### WHAT TO DO:
Transcribe exactly the first line of the listing below and each line that follows it, ending with the line that contains "आगे बढ़ेंगे China", and omit the remainder.

### DATA SHOWN:
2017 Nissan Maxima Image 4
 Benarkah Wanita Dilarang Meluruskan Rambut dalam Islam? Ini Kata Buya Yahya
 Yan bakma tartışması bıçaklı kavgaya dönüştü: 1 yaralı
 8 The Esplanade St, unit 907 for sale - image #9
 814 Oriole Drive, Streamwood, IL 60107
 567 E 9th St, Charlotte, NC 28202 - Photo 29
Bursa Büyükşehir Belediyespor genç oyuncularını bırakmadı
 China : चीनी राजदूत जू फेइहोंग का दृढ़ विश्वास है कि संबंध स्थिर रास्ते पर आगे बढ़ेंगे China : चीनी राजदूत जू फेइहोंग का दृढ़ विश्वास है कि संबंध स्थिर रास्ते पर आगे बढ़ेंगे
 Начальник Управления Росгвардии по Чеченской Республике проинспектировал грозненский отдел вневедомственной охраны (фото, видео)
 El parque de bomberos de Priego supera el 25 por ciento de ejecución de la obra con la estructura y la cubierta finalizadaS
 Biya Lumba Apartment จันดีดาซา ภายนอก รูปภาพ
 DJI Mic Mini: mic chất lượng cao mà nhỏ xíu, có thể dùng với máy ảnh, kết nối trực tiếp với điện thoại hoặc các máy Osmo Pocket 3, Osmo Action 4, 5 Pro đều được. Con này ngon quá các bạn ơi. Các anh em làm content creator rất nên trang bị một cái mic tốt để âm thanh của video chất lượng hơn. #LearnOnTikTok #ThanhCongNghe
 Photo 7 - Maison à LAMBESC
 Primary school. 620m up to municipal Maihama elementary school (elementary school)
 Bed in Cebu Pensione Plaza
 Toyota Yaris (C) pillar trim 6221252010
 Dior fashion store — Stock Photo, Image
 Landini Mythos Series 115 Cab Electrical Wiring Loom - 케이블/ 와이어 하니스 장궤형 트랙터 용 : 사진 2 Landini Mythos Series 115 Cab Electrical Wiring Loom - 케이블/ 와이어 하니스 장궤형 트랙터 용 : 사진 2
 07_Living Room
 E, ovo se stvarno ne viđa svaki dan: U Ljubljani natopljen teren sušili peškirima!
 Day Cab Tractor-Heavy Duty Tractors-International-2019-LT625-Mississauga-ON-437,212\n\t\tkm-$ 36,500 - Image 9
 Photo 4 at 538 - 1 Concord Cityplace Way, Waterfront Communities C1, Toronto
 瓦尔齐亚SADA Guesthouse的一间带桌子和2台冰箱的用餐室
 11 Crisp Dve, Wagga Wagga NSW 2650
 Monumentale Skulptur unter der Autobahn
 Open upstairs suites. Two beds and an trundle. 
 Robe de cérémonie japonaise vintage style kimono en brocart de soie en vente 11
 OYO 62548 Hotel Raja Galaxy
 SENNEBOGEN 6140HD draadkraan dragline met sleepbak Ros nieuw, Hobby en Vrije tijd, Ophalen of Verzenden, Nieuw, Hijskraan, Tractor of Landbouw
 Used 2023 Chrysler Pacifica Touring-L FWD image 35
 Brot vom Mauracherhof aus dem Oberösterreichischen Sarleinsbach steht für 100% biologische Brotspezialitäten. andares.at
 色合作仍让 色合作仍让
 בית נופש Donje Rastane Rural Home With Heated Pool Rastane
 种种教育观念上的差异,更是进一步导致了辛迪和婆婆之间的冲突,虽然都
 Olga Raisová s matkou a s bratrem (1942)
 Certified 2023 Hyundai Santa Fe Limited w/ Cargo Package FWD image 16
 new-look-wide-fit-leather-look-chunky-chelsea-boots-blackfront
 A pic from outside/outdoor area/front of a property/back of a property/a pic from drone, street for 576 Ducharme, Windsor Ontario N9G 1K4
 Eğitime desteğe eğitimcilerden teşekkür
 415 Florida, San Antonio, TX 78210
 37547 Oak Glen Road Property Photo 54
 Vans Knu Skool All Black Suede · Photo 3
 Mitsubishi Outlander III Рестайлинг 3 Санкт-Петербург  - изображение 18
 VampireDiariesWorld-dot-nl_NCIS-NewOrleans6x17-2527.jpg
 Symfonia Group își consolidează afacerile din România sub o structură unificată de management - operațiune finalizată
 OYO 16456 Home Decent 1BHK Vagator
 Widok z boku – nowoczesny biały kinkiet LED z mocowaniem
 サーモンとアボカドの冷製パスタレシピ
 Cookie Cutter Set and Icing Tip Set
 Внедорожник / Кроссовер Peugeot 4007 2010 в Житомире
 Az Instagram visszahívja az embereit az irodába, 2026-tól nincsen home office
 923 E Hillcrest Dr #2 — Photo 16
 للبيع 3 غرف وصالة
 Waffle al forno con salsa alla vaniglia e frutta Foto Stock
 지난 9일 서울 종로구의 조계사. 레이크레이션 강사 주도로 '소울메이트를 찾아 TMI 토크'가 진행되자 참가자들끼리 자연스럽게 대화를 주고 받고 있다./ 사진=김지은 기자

### ANSWER FOR THIS EXERCISE:
2017 Nissan Maxima Image 4
 Benarkah Wanita Dilarang Meluruskan Rambut dalam Islam? Ini Kata Buya Yahya
 Yan bakma tartışması bıçaklı kavgaya dönüştü: 1 yaralı
 8 The Esplanade St, unit 907 for sale - image #9
 814 Oriole Drive, Streamwood, IL 60107
 567 E 9th St, Charlotte, NC 28202 - Photo 29
Bursa Büyükşehir Belediyespor genç oyuncularını bırakmadı
 China : चीनी राजदूत जू फेइहोंग का दृढ़ विश्वास है कि संबंध स्थिर रास्ते पर आगे बढ़ेंगे China : चीनी राजदूत जू फेइहोंग का दृढ़ विश्वास है कि संबंध स्थिर रास्ते पर आगे बढ़ेंगे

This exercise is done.